Below are some records; output exactly the lines from the line with "Play with the" to the line with "This term, network", both ends kept, and nothing more.
-------- The input --------
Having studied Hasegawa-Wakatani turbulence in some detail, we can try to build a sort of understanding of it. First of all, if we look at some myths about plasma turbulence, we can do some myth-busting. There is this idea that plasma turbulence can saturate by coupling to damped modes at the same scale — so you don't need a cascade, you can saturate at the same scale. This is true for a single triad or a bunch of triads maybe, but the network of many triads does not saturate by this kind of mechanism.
--------
-------- The input --------
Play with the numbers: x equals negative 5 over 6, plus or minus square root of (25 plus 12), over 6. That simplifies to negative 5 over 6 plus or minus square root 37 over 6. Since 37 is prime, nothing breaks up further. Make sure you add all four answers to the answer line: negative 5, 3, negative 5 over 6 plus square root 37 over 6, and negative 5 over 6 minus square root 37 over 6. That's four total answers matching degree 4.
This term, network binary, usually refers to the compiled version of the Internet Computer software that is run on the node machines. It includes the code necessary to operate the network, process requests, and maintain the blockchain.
--------
-------- The input --------
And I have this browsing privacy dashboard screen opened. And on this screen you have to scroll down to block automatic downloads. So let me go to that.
--------
> [Answer below]
Play with the numbers: x equals negative 5 over 6, plus or minus square root of (25 plus 12), over 6. That simplifies to negative 5 over 6 plus or minus square root 37 over 6. Since 37 is prime, nothing breaks up further. Make sure you add all four answers to the answer line: negative 5, 3, negative 5 over 6 plus square root 37 over 6, and negative 5 over 6 minus square root 37 over 6. That's four total answers matching degree 4.
This term, network binary, usually refers to the compiled version of the Internet Computer software that is run on the node machines. It includes the code necessary to operate the network, process requests, and maintain the blockchain.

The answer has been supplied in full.